[Records — start]
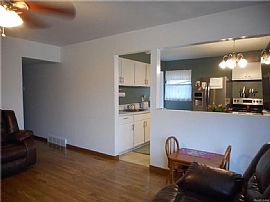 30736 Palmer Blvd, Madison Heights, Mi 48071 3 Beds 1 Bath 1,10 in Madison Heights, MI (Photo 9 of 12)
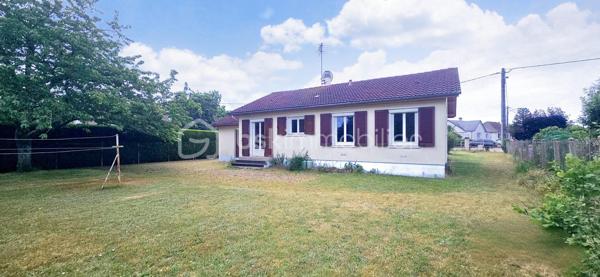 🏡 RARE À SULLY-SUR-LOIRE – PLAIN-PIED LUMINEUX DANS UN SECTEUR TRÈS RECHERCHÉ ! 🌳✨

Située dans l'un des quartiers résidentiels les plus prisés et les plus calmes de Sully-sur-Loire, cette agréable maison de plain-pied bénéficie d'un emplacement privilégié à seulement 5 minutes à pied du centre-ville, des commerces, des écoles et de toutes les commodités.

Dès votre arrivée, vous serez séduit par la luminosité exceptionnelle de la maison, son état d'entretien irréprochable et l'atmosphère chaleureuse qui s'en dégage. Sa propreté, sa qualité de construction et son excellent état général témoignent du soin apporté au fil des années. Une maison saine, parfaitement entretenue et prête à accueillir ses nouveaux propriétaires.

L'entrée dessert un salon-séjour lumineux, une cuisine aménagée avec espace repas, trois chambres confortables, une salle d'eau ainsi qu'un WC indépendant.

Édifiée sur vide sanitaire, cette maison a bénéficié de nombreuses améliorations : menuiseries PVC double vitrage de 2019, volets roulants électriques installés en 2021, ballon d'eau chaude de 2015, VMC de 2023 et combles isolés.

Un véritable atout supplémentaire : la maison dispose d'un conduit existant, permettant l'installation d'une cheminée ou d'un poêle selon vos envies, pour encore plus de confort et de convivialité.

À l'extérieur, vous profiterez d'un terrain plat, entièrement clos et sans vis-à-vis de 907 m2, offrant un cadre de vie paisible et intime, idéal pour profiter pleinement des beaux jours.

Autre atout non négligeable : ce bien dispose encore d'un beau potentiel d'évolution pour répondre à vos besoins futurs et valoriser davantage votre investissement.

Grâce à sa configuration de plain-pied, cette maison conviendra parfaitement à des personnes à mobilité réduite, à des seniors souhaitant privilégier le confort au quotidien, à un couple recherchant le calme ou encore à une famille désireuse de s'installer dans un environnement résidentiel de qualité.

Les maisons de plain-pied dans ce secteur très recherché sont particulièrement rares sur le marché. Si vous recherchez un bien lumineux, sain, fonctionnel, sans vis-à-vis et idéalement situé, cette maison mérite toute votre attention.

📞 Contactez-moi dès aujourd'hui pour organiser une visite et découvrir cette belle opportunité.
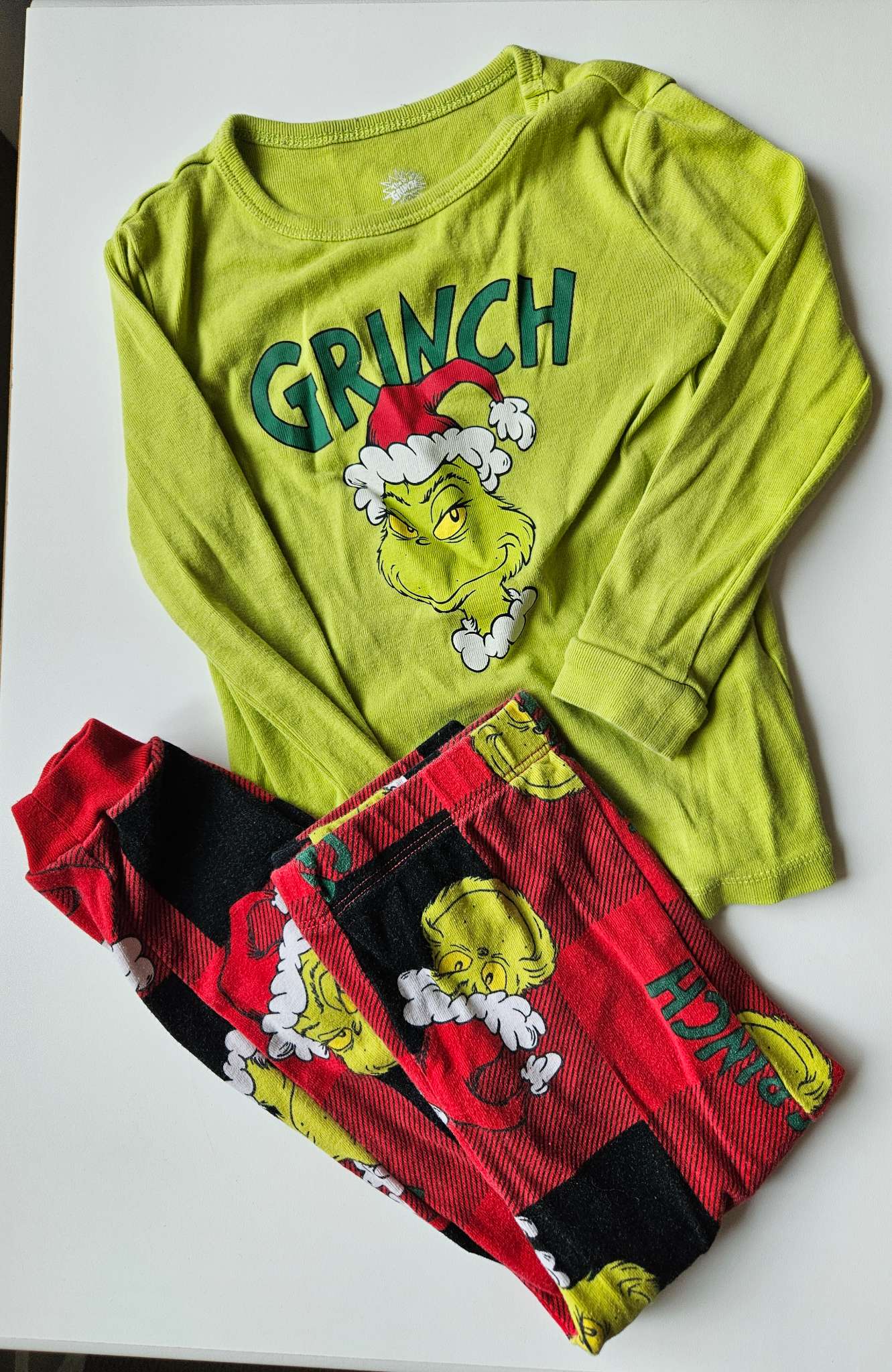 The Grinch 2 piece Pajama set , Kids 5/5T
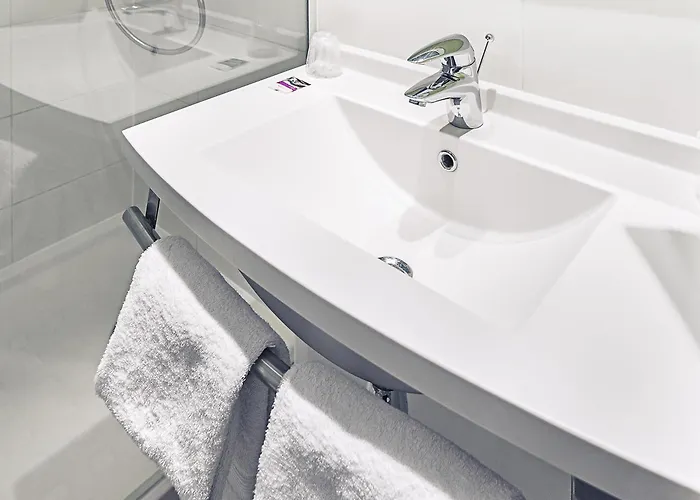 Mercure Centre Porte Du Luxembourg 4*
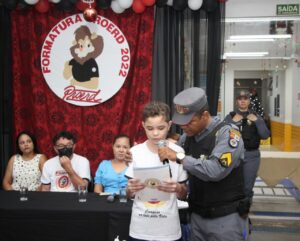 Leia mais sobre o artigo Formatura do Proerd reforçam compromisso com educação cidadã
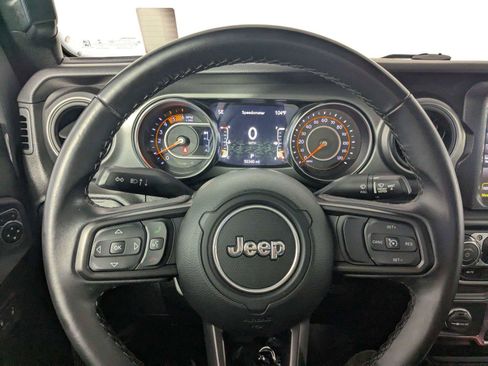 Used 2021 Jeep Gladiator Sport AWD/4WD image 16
[Records — finish]
_What is being asked_:
All lines above that contain "dispose" are required in the answer.

_Your response_:
Un véritable atout supplémentaire : la maison dispose d'un conduit existant, permettant l'installation d'une cheminée ou d'un poêle selon vos envies, pour encore plus de confort et de convivialité.
Autre atout non négligeable : ce bien dispose encore d'un beau potentiel d'évolution pour répondre à vos besoins futurs et valoriser davantage votre investissement.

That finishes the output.